■ **What you need to do**: Below are some records. Return exactly their lines from the one containing "Madiwell wall mirror" through the one containing "Running shoes Black Solid", and drop the pictures.

■ **Data listing**:
────

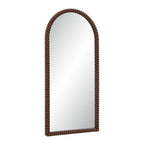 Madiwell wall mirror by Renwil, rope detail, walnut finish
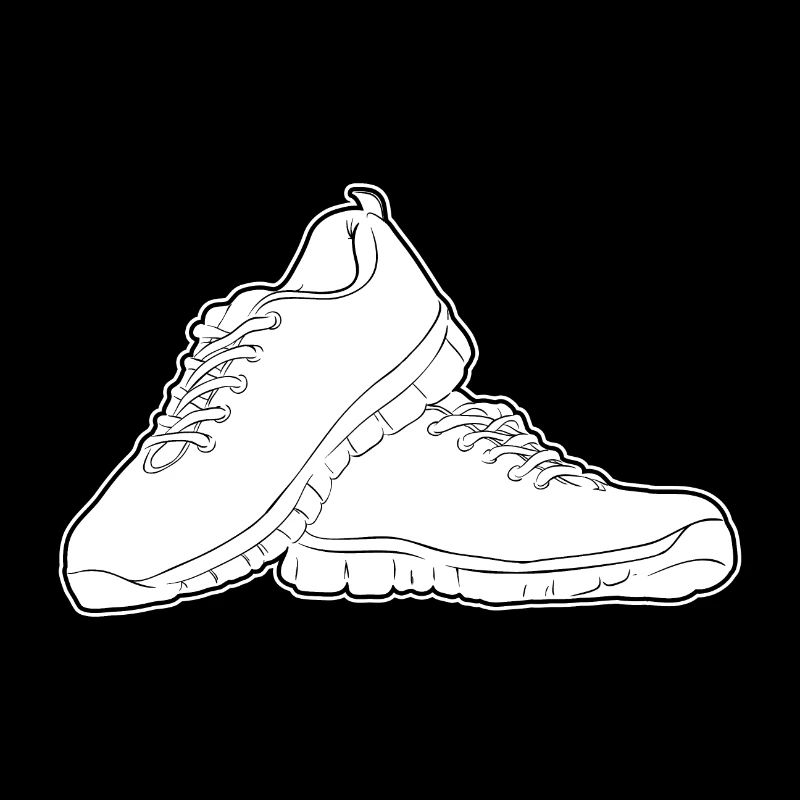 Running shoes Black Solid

────

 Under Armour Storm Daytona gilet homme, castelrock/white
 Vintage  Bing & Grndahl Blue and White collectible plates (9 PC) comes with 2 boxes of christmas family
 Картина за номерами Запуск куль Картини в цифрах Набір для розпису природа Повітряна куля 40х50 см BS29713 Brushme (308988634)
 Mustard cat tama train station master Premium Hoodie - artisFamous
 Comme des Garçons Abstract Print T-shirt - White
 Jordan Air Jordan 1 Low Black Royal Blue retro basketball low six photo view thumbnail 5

────

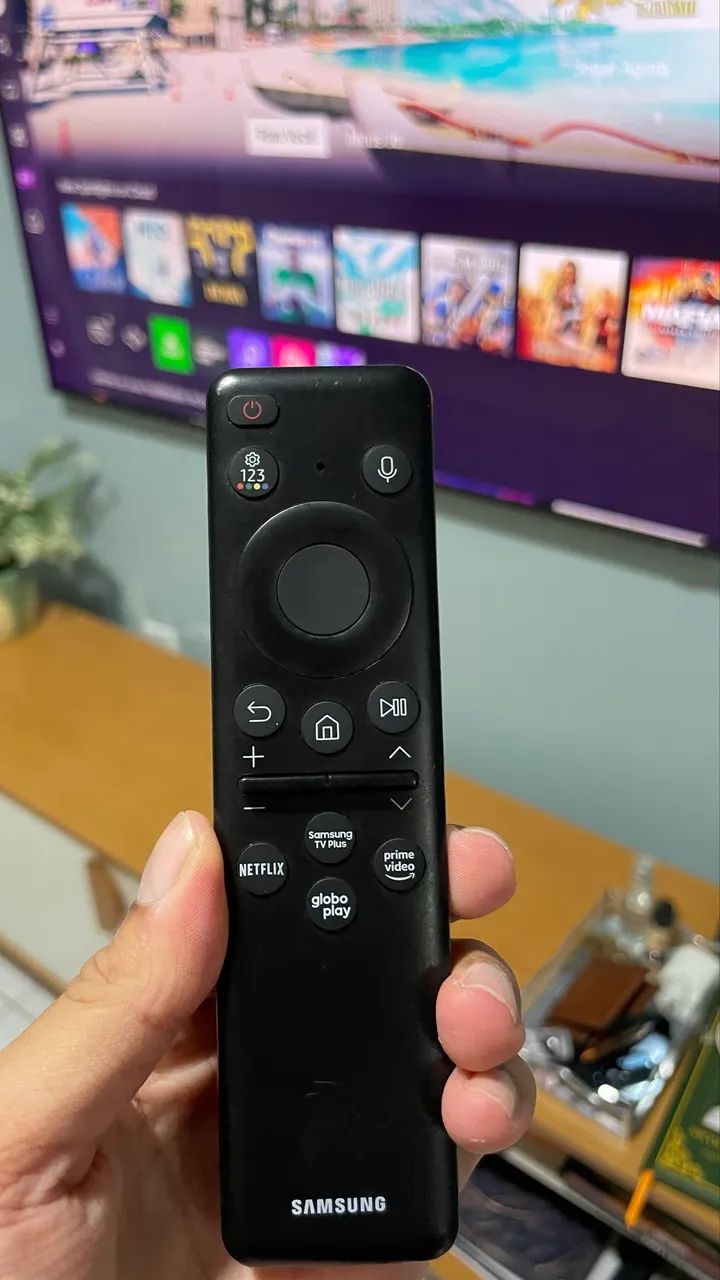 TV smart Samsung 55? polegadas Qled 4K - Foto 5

────

■ **Output for this exercise**:
 Madiwell wall mirror by Renwil, rope detail, walnut finish
 Running shoes Black Solid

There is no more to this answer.